I’ve been doing some work this week on implementing another measure to improve the reliability of the sipsorcery dialplan processing. Specifically the measure is to cope with a call worker process becoming unresponsive and refusing to process any more dialplan executions. This issue typically gets manifested as the “Long running dialplan” log message.
I had thought the call worker process “stalls” has been a result of a memory leak in the DLR and that it had been solved by recycling the processes when they had reached a memory allocation of 150MB. However as soon as I put the last post on this blog about stability a call worker process stalled with a memory utilisation less than 150MB.
I suspect as with a lot of tricky software bugs there’s more than one issue here. Stopping the memory leak has definitely improved reliability but there is still something else that can cause a call worker stall and my suspicion is some kind of Ruby dialplan script is able to tie the DLR up in knots and render it incapable of processing any further script executions. Unfortunately I’ve never been able to produce such a script but then I don’t push the limits of Ruby with classes or recursive functions etc. in my own dialplans.
The new measure implemented today is designed to cope with a call worker process stall irrespective of its memory utilisation. So the hope is now that the sipsorcery call processing process is able to cope with anything thrown at it and is 100% reliable.
That’s not to say there are not other things that can go wrong, I’m still none the wiser as to the two incidents a few weeks ago where the Amazon EC2 instance the sipsorcery server was running on seemed to drop off the network and not respond on remote desktop or any other protocol. Thankfully apart from those two cases it hasn’t occurred again. The next reliability measure currently in progress is to have two instances running side by side so that if there is a problem with one the other one will take over.
On a related note I have had to cut off two users in the past two weeks for inappropriate use. One for trying to brute force a provider by running a dialplan script that cycled through usernames to see if any had a password of 1234. The second one wa for blasting the sipsorcery server with a constant volume of calls. The calls weren’t forwarded to a provider since user’s providers weren’t set up properly but it resulted in a 10% rise in the base CPU utilisation which has a small but noticeable impact on other user’s calls. It also means when I’m watching the sipsorcery call activity there’s a continuous stream of log messages which is painful.

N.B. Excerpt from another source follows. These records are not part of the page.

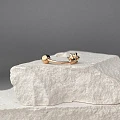 "Серьга-пирсинг из красного золота с фианитом 000126154" - Фото 5
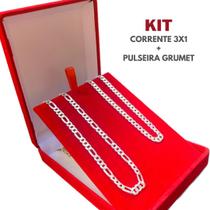 Conjunto De Prata Masculina Corrente E Pulseira Grossa 925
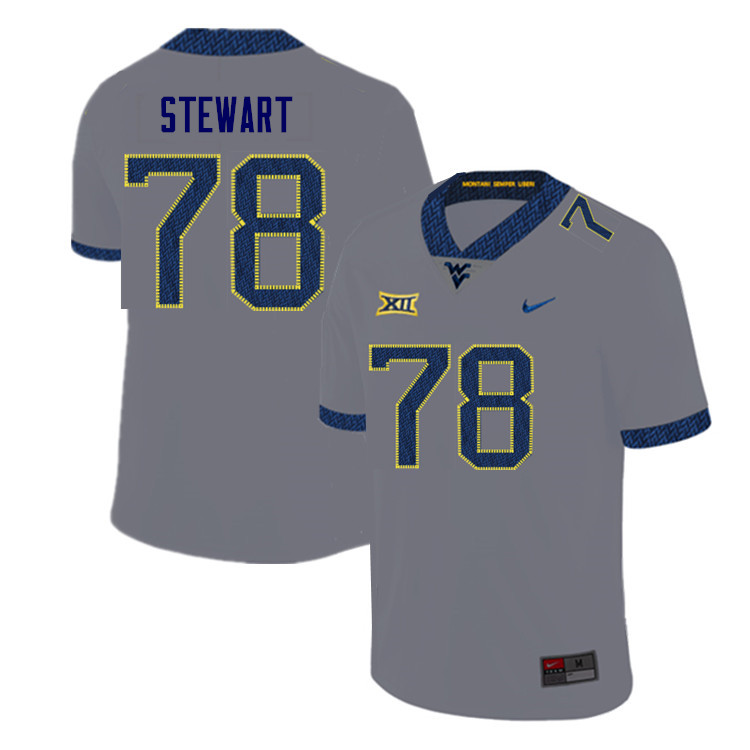 Men #78 Tairiq Stewart West Virginia Mountaineers College Football Jerseys Sale-Gray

With cases where an obvious hack attempt is being made the account will be terminated immediately. If you’re planning on scripting up some elaborate dialplan to hack SIP Providers with sipsorcery you will be wasting a lot of time on your dialplan development as your account will get removed. With the second case and similar ones I will attempt to notify the user via email and give them a chance to fix their account and will re-activate the account if they later respond.